The US PPA requires the government to pay prime contractors within 14 days of receipt of a proper invoice. That’s a significantly shorter timeline than Canada’s 28-day requirement. After that, the timeline is relatively the same. In both the US and Canada, subcontractors must be paid within seven days after the prime contractor receives payment.

There are provisions in both countries’ laws that stipulate that upper-tier parties may only hold payments for substantial issues. They must deliver written notice to the contractor or supplier on the lower tier before the payment due date. These notices must include instructions on how the problem can be remedied as well.

In both countries, interest accrues past the payment due date. The interest rate charged on late payments is set on a federal level. While the contract between two parties can stipulate an interest rate in the contract, it cannot be lower than the federal rate.

What does Canada consider proper invoices?

Canada’s law spells out some of the features of a proper invoice, though each contract will have its own provisions, and those are the ones that need to be met. Only the prime contractor is required to submit an invoice meeting these requirements.

Under Canada’s prompt payment law, proper invoices must contain at least the following information:

  • Contractor’s name and address
  • Invoice date, and date range the invoice covers
  • Name of federal authority purchasing the work
  • Quantity and description of the materials or work provided
  • Total amount due and payment terms
  • Mailing address and phone number of the person to send payments to
  • Any other requirements specified by the contract

Impact on general contractors

The law will likely create a bit more work for general contractors initially, as they make sure their systems are set up with the correct payment due dates. They need to ensure that they notify subs and suppliers promptly when their work or materials are in dispute.

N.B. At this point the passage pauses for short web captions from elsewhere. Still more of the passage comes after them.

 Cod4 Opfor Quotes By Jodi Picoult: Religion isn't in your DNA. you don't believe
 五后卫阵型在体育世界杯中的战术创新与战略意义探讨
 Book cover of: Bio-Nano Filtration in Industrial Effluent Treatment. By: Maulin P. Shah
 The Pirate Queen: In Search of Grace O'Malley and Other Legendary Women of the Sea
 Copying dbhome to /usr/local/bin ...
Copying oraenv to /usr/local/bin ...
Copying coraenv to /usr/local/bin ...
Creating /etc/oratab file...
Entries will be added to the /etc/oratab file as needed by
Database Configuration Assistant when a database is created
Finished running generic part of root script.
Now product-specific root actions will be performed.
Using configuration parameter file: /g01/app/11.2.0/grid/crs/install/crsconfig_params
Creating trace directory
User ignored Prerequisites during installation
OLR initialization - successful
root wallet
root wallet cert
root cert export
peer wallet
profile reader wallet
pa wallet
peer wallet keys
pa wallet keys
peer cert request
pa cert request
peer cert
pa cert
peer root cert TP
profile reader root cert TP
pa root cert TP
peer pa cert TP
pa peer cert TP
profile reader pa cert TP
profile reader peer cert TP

Their invoices must also be set up to include all the information required by each agency they work with, and each set of contract terms. Reading the fine print in the contract is going to be more important than ever.

In the end, any stress of additional work will likely be far outweighed by the benefit of faster payments and improved cash flow.

When will it take effect?

While the law received “royal assent” in June 2019, it isn’t exactly clear when Canada’s new prompt payment law will actually take effect. There is some question about whether contracts will be grandfathered into the payment provisions from before the act, or if all contracts will be required to transfer to the new payment terms at some point.

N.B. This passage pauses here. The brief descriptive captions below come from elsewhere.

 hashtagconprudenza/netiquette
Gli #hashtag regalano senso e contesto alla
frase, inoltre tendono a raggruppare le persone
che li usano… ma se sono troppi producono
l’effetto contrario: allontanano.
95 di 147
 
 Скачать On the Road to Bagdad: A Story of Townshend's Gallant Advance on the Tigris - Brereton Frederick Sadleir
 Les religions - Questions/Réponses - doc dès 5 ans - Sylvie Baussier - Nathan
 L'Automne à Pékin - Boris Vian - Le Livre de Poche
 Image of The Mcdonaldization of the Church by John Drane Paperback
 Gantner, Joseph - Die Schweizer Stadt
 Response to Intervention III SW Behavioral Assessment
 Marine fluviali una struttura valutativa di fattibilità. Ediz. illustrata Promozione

There also is the task of setting up the system that is going to adjudicate issues with prompt payment under the act. Some sources say it could be another year or two until the act is officially implemented. This leaves contractors wondering when they need to be ready to comply with the new provisions.

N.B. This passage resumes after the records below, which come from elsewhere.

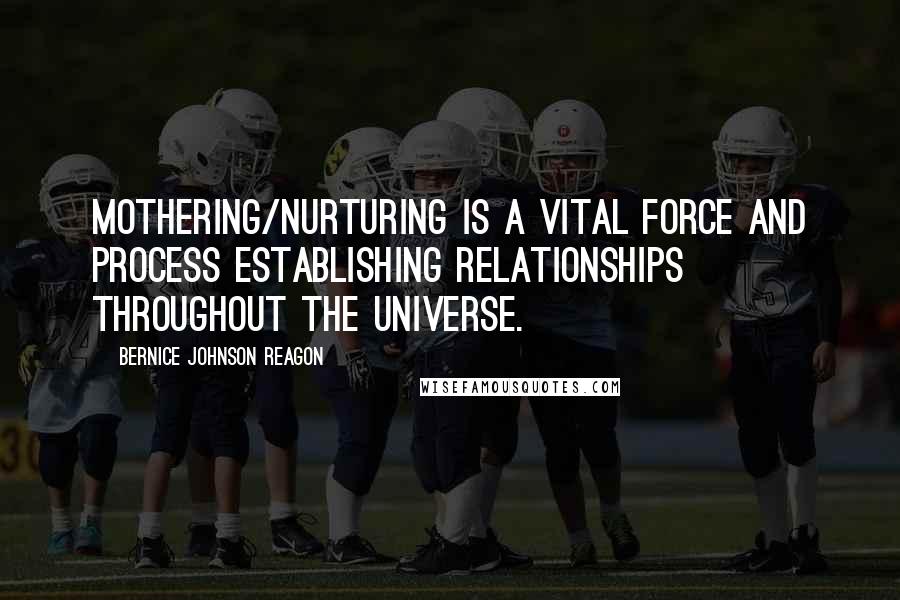 Bernice Johnson Reagon Quotes: Mothering/nurturing is a vital force and process establishing relationships throughout the universe.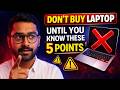Laptop Buying Guide 2026: 5 Things to Check Before You Buy | TOP 5 BEST LAPTOPS in INDIA
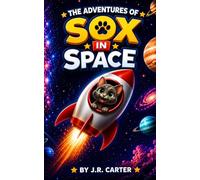 The Adventures of Sox: Sox In Space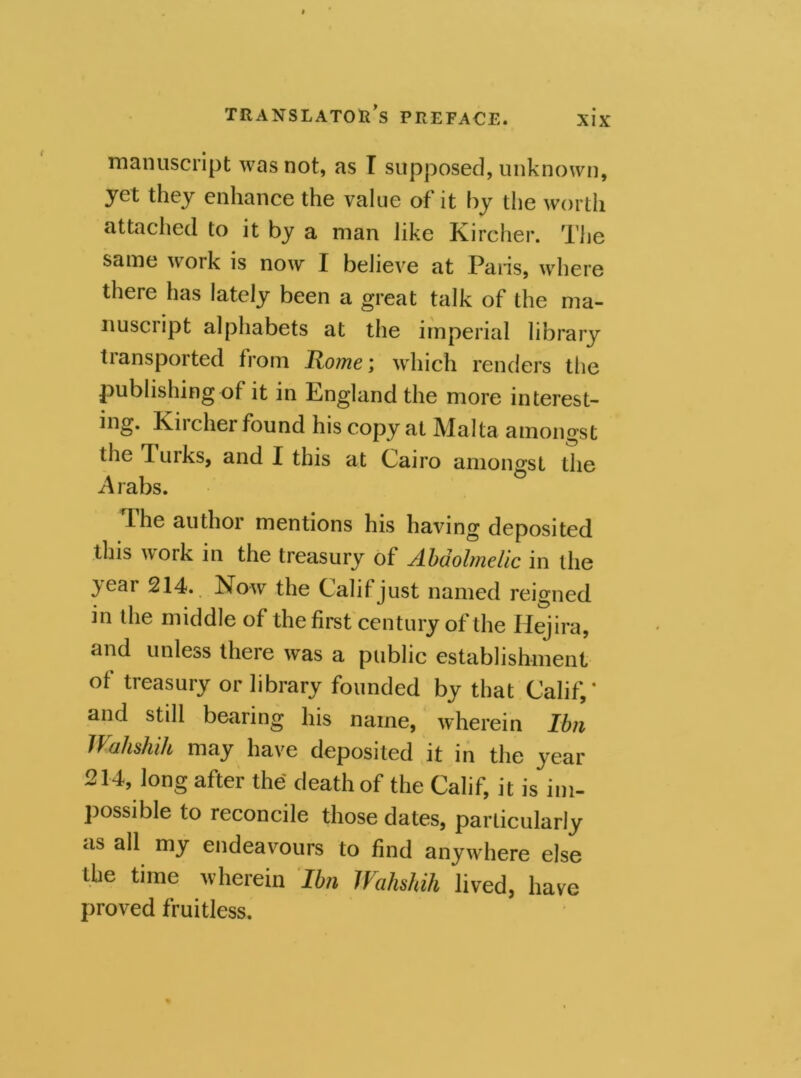 manuscript was not, as T supposed, unknown, yet they enhance the value of it by the worth attached to it by a man like Kircher. The same work is now I believe at Pans, where there has lately been a great talk of the ma- nuscript alphabets at the imperial library tiansported from Hotne; which renders the publishing of it in England the more interest- ing. Kircher found his copy at Malta amongst the lurks, and I this at Cairo amongst the Arabs. The author mentions his having deposited this work in the treasury of Abdolmelic in the year 214. Now the Calif just named reigned in the middle of the first century of the Hejira, and unless there was a public establishment of treasury or library founded by that Calif,* and still bearing his name, wherein Ibn JVahshih may have deposited it in the year 214, long after the death of the Calif, it is im- possible to reconcile those dates, particularly as all my endeavours to find anywThere else the time wherein Ibn JVahshih lived, have proved fruitless.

The big question: Will contractors actually use it?

It has taken quite some time for Canada’s government to catch up with the US in recognizing slow payment in construction as an issue worth regulating.  It is still unclear exactly when the provisions will go into effect – and what will happen to current contracts at that time.

The US Prompt Payment Act has been in effect for decades, but it’s still one of the most misunderstood and least-used remedies for slow payment in construction. Many contractors on government projects still rely on more well-known remedies, like bond claims.